Kur'an-ı Kerim ve Türkçe Meali Sayfa 440
45. Eğer Allah, kazanmakta oldukları dolayısıyla insanları (azap ile) yakalayıverecek olsaydı, yeryüzünde hiç bir canlıyı bırakmazdı. Ancak onları, adı konulmuş bir süreye kadar ertelemektedir. Sonunda ecelleri geldiği zaman, artık şüphesiz Allah kendi kullarını görendir.
1. Ya, Sin.
2. Hikmet dolu Kur'an'a andolsun.
3. Ki gerçekten sen (elçi olarak) gönderilenlerdensin.
4. Dosdoğru olan bir yol üzeresin.
5. (Kur'an) Güçlü ve merhamet sahibinin indirmesidir.
6. Babaları uyarılıp korkutulmamış, böylece kendileri de gafil kalmış bir kavmi uyarıp korkutman için (gönderildin).
7. Şüphesiz onların çoğu üzerine o söz (azap) hak olmuştur; artık onlar inanmazlar.

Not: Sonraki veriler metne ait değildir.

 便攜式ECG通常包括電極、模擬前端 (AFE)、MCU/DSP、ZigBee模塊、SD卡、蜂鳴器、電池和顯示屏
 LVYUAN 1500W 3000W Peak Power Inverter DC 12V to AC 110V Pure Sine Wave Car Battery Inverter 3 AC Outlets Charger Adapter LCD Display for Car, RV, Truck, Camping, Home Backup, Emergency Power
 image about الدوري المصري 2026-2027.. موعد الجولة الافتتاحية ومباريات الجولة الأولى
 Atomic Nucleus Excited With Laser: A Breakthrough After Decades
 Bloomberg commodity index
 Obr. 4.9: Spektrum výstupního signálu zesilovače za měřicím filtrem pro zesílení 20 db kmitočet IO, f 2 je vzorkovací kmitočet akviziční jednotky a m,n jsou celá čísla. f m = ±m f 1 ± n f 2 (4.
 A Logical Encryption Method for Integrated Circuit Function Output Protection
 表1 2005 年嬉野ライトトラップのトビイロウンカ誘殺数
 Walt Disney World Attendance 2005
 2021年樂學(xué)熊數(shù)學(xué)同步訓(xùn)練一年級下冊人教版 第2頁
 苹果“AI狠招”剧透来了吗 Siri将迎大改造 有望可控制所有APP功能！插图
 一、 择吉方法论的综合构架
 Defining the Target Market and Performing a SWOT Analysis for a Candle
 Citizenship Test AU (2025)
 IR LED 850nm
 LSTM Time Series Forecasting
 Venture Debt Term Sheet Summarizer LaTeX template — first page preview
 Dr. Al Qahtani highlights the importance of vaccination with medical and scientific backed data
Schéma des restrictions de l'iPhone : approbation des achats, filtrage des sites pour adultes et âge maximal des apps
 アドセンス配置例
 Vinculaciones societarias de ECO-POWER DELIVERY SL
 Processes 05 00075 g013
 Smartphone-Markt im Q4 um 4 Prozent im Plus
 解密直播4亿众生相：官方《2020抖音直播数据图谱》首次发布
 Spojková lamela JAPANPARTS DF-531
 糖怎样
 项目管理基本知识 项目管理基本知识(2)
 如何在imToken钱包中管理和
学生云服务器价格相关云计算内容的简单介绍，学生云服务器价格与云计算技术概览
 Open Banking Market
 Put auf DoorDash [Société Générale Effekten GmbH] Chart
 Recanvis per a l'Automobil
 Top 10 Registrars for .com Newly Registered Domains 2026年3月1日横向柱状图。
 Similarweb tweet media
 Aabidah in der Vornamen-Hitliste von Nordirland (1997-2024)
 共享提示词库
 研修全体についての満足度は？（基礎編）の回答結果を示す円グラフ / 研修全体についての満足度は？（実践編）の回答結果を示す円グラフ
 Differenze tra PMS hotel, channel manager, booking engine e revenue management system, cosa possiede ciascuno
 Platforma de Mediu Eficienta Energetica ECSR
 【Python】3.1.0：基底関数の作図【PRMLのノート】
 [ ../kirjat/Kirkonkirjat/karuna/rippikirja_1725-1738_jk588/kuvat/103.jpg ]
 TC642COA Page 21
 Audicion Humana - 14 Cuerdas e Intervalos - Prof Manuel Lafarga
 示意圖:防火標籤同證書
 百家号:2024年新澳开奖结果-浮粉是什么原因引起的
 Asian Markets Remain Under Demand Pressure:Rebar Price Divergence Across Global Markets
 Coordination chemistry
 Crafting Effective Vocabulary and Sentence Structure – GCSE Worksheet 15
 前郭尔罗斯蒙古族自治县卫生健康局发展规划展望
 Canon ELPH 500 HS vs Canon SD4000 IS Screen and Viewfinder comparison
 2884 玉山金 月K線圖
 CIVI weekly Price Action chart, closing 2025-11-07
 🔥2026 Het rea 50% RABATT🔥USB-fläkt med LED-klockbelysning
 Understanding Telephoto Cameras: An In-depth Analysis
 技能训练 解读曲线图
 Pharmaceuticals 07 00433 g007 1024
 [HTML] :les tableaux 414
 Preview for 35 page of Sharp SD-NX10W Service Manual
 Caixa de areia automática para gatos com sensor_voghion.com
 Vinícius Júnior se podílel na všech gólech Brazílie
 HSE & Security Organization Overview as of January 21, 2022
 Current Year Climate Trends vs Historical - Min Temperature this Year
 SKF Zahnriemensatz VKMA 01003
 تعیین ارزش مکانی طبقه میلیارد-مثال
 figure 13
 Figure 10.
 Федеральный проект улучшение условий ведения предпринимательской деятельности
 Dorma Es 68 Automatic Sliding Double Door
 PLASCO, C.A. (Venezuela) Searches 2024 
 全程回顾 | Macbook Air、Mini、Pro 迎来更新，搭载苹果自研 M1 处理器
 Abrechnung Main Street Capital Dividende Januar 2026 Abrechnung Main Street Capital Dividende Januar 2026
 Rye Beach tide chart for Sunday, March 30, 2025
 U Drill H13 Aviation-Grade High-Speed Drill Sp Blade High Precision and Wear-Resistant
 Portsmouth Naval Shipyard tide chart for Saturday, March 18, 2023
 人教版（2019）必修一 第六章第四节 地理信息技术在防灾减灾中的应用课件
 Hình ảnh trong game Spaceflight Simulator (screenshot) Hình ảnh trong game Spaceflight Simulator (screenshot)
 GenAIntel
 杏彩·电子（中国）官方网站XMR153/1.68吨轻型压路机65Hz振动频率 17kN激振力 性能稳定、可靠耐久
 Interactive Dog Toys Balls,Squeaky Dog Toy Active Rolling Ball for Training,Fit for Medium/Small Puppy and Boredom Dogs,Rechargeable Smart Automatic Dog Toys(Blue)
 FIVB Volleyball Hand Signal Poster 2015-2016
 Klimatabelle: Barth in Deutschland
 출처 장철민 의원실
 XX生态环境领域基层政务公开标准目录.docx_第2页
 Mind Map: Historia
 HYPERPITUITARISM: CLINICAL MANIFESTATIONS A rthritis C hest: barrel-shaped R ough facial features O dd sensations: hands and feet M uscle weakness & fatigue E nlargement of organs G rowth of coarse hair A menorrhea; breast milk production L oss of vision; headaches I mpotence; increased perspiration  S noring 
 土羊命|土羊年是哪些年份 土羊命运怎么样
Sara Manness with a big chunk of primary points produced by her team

8. Gerçekten biz onların boyunlarına, çenelere kadar (dayanan) halkalar geçirdik; bu yüzden başları yukarı kalkıklardır.
9. Biz onların önlerine bir sed, arkalarına da bir sed çektik. Böylelikle onları örtüverdik, artık görmezler.
10. Kendilerini uyarıp korkutsan da uyarmayıp korkutmasan da onlar için birdir; onlar iman etmezler.
11. Sen ancak zikre (Kur'an'a) uyan ve görmeden Rahman'dan korkan kimseyi uyarabilirsin. İşte böylesini, bir mağfiret ve güzel bir mükâfatla müjdele.
12. Şüphesiz ölüleri biz diriltiriz; onların önden takdim ettiklerini ve eserlerini de biz yazarız. Biz, her şeyi apaçık bir kitapta sayıp yazmışızdır.